# Whats the best external paint for treated lumber



## jockmike2 (Oct 10, 2006)

I'm making a sign for my sister's hair shop. Since it will be out in the weather I used pressure treated wood. I was wondering what paint would best suit the situation. I made it T and G, filled the cracks, and plan to route the lettering. It can't be stain it has to be bright paint it is for a handicap parking space in the back of her building. Thanks in advance for any help from anyone. mike


----------



## decoustudio (May 4, 2006)

Hey Mike, I like your new icon photo. Is that your daughter sitting with you? Just kidding.

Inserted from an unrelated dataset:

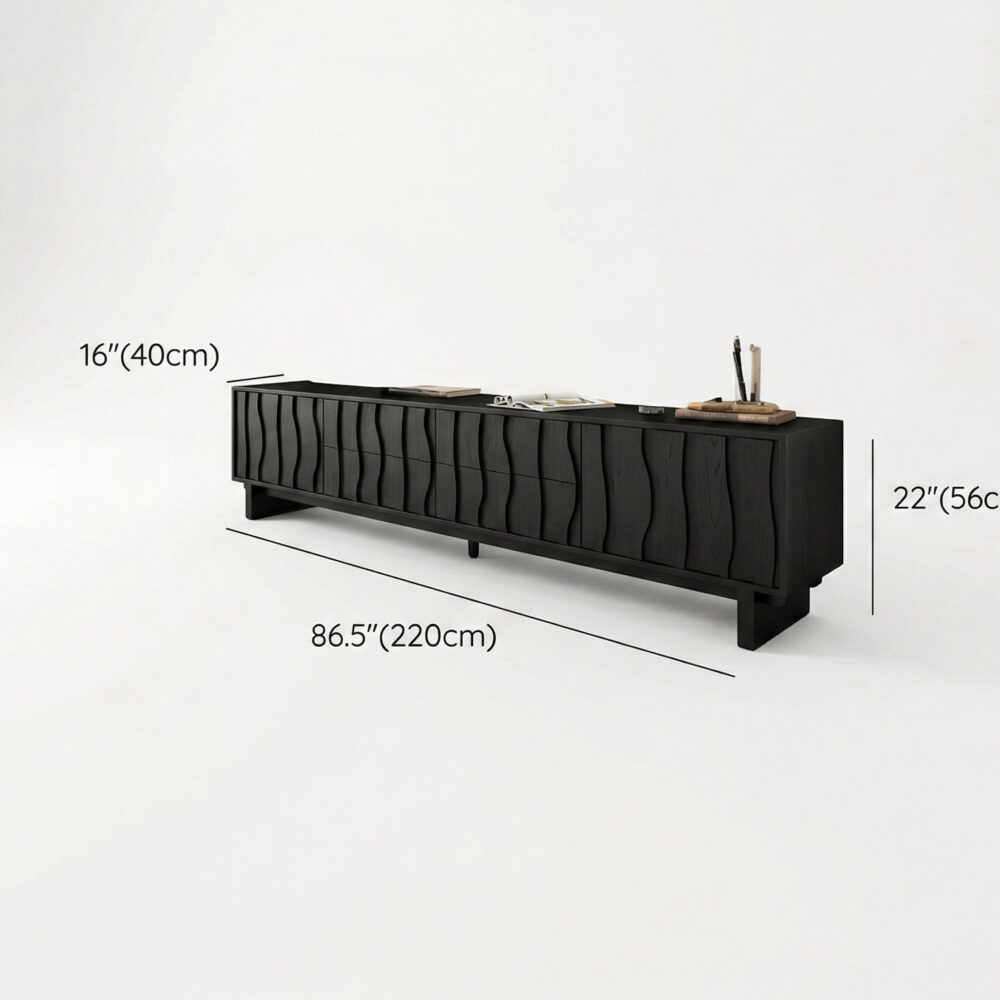 Wave Texture Wood TV Stand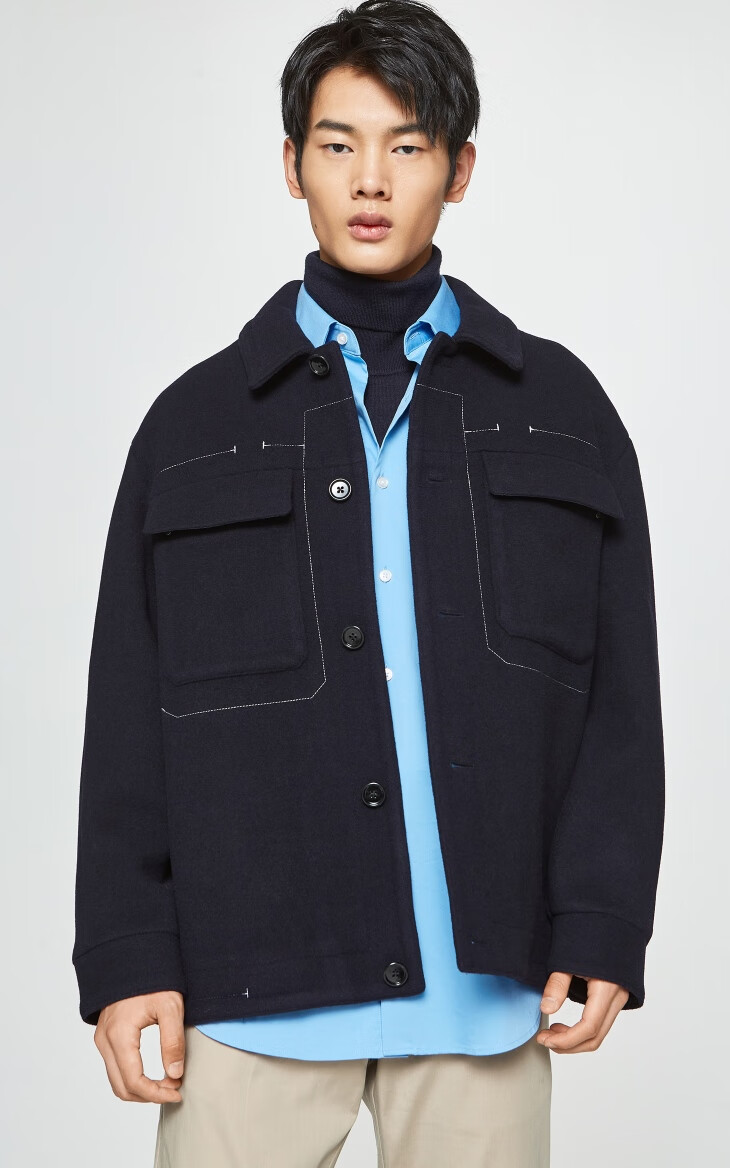 selected思莱德新男潮流休闲明线方领羊毛外套s420427022海军蓝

I made up a sign last winter out of treated wood. The wood was very dry, had been sitting in my barn for about a year, maybe two. I routed out the letters, and then painted the sign with Oil based external primer. Then, covered that with external latex paint. I'm sad to say that on the side of the sign that faces south (sun facing), the paint is peeling back to bare wood. I'm not sure what I did wrong. I'll be watching to see what the others are experiencing.

thanks for your note,
Mark


----------



## jockmike2 (Oct 10, 2006)

Thanks Mark, I've got about the same, real dry pressure treated wood. I'm wondering If I put something like linseed oil on it first then some oil based paint if that would'nt work? mike


----------



## kjwoodworking (Oct 4, 2007)

Hi guys, I painted a treated fence that I believe had never been primed before painting and practically all the paint had peeled off leaving the bare wood. I pressure washed the fence to cleen it and get all the loose paint off, then let it dry a couple of days. I then used exterior water based zinsser primer and two coats of a good quality exterior latex paint. This has been two years ago and the fence looks great. I had the primer tinted from white to a taupe color since the final coat of paint was going to be brown. I have used this same primer on bathroom tile and it sticks like stink on my dog. It was hard for me to use the water-based primer at first, I was a true believer in another brand of oilbased primer that has worked well in the past, until the fence and a rental house I repaired for the owner to sell. I finally used the zinsser to cover stains the oil based primer would not cover.

Hope this helps


----------



## boboswin (May 23, 2007)

When I was in this business we relied on ONE shot paints.
They are the toughest finishes we could find for outdoors.
They are pricey but the best.

Cheers

Bob


----------



## oscorner (Aug 7, 2006)

Mike, I usually apply one coat of :










then two coats of Sherwin Williams paint and have had great results. It can be found at Lowes, WalMart,etc. and since it is water based the clean up is easy.


----------



## DocK16 (Mar 18, 2007)

I built a bench out of treated wood and used exterior solid color stain instead of paint and it woked well.


----------



## jockmike2 (Oct 10, 2006)

Thanks to everyone that responded, It certainly gives me a number of choices. mike


----------